Terrell Boyd honored for being first African American Eagle Scout in Middlesex
|Terrell Boyd (center) was honored Sunday as the first African American Eagle Scout in Middlesex County. A framed photo of Boyd was presented by Scoutmaster Tony Banks (right) to Marilyn South (left), president of the Middlesex County Museum. The photo will hang in the county museum at Saluda. About 150 people attended the program at the historic courthouse in Saluda as part of Black History Month. (Photo by Larry Chowning)|
by Larry Chowning
Willie Terrell Boyd was honored by the Middlesex County Museum & Historical Society at a program on Sunday at the Historic Middlesex County courthouse.
Boyd was the first African American Eagle Scout in Middlesex County history. Eagle is the highest honor in Scouts, and Boyd earned it in 1990 under the leadership of Scoutmaster Sam Lowman, who is now deceased.
Boyd was the ninth person to make Eagle Scout among the 23 Eagle Scouts in the history of Troop 341, which was founded 63 years ago.
He is the son of Faye Beverley of Warner and presently lives in Boulder, Colorado.
Scoutmaster Tony Banks presented Boyd with a photo of when Boyd was a Scout, which will hang in the county museum.
The museum also honored Rev. Chauncey Mann, longtime minister of Grafton Baptist Church in Hartfield. Mann retired last year after 37 years of service to his congregation and to the Middlesex County community.

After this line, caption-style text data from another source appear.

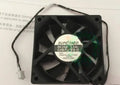1pc fan new CH5012CBS-A(E) D50SH-12 12V0.12A SUPERRED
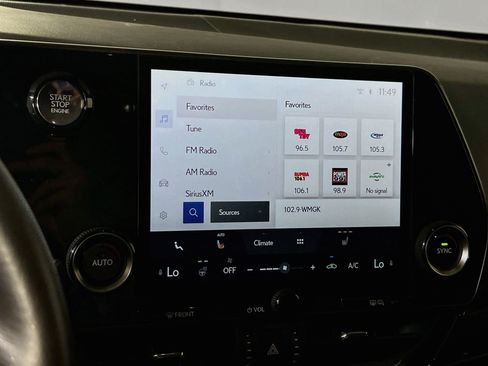 Used 2024 Lexus NX 350 AWD w/ Cold Area Package image 14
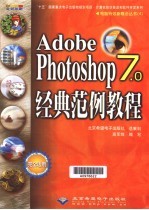 Adobe Photoshop 7.0经典范例教程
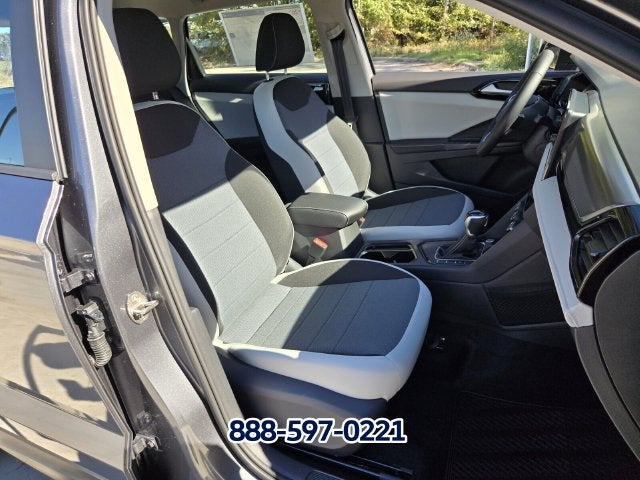 2027 Volkswagen Taos 1.5T S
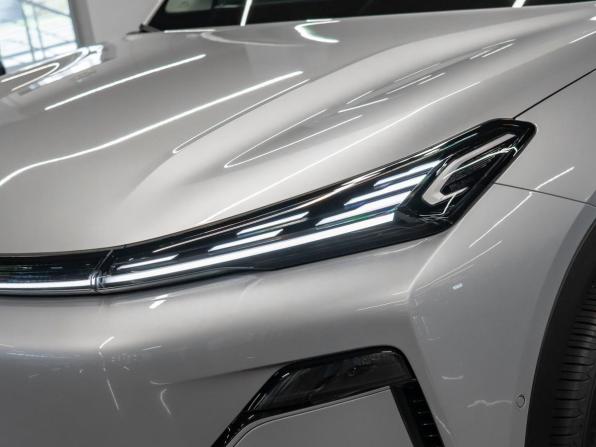 Geely Galaxy Starship 7 с пробегом 2026 года, цена 3 950 000 рублей, 14 км, внедорожник, Автокод Объявления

The “Voices of Freedom,” a living history program honoring famous African Americans, featured the heroics of Pvt. James Daniel Gardner of Gloucester County who fought for the Union in the Civil War and earned the Congressional Medal of Honor. Also portrayed in the program was Harriet Tubman, a leader in the Underground Railroad movement that provided an avenue for freedom to slaves throughout the South.